Nos últimos dias-semanas-meses estou a viver em isolamento social. Saio de casa apenas para o necessário: fazer compras no supermercado-farmácia e é o suficiente para me aborrece com o comportamento humano-local que repete o do homem eleito — um boçal.
Volto para a casa e tento deixar no capacho da porta, todo o meu desconforto. Há um ritual que se repete: calçados não entram, ficam do lado de fora. A roupa que uso para ir as ruas, não é a mesma que uso dentro de casa. Retiro a máscara. As roupas.
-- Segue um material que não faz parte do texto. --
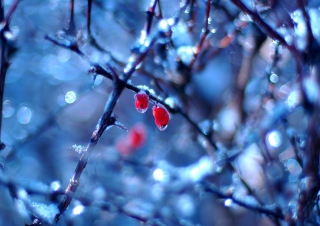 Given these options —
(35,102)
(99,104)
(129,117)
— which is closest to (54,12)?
(129,117)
Lavo mãos-braços-rosto… e parto para a higienização de tudo que veio da rua.
Por sorte temos uma varanda agradável o que nos permite almoçar fora quase todos os dias… e, com a redução da poluição visual e sonora, podemos ouvir os pássaros que parecem ironizar a minha condição. Somos nós os engaiolados… a observar a cidade do quarto andar dessa gaiola entre esquinas. E o que eu vejo?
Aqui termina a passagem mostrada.